NIAID’s Brandon DeKosky spoke about sequencing antibody repertoires, which requires analyzing both heavy chain and light chain elements. Previous protocols involved analyzing three separate amplicons to cover these regions, but with the PacBio system his team has been able to sequence full-length amplicons covering both elements in B cells. “I certainly am in favor of moving everything over to the PacBio,” he said. “We can see this entire molecule at once.” DeKosky and his colleagues have studied cells from humans and rhesus macaque, and are now using transgenic mice to model antibody response to knocked-in precursor genes to determine whether this approach could be used towards developing a vaccine.

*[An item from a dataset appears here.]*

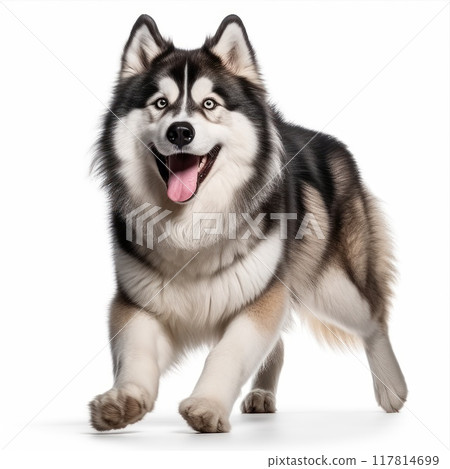 Siberian Husky isolated on white background. Cute dog 117814699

In a clinically oriented research presentation, Tetsuo Ashizawa from the Houston Methodist Research Institute reported the analysis of the ATXN10 gene responsible for spinocerebellar ataxia type 10. The gene harbors a pentanucleotide repeat in intron 9, characterized by an ATTCT repeat sometimes interrupted by other five-nucleotide repeats that lead to three broad disease phenotypes. Since the full region can’t be amplified, Ashizawa used CRISPR/Cas9 for target enrichment, making a double-strand break near the region and attaching a SMRTbell adapter for PacBio sequencing . This allowed the team to assess the motifs associated with different subtypes, in one example studying brothers with different phenotypes of the disorder and finding that the difference lay in repeat content.

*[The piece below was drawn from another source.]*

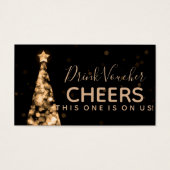 Gouden Kerst bruiloft Drink Voucher Visitekaartje (Voorkant)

Maria Nattestad from Cold Spring Harbor spoke about her genome and transcriptome analysis of SK-BR-3, one of the most widely studied breast cancer cell lines with a Her2 amplification. Long-read SMRT Sequencing was able to characterize the whole genome. Nattestad’s Assemblytics tool, which she used to call variants ranging from single-base changes to large structural changes, is now available as a web app. She discussed her reconstruction of how variants worked together to amplify the Her2 oncogene (an effort we profiled in-depth). Using the Iso-Seq method to produce full-length transcripts, she was also able to detect and explain complex gene fusions for which there was previously no DNA evidence.

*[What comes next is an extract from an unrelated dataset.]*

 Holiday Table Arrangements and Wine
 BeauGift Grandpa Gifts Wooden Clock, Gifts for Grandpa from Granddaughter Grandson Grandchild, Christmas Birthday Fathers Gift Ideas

Our CSO Jonas Korlach wrapped up the day with a talk highlighting some of the biggest advances we’ve seen from SMRT Sequencing, noting that there are now nearly 1,500 papers describing the use and value of this technology. Particularly productive topics include hospital-associated infections, base modifications in bacteria, and phylogenetic profiling of microbial communities. He also spoke about the recent wave of de novo human assemblies from PacBio data, noting that a shift toward diploid assemblies will be important as the community deepens its understanding of human genetic variation. Korlach also cautioned attendees about confusing contigs with scaffolds; while some assemblies boast impressive scaffold N50s, they may be missing a lot of important information if contigs are short and disconnected.
We’d like to thank our partners, who helped us put on this great event: Advanced Analytical Technologies, Covaris, Diagenode, DNAnexus, PerkinElmer, and Sage Science. With their support, we were able to host the full-day user group meeting, but also half-day workshops on sample prep and bioinformatics as well.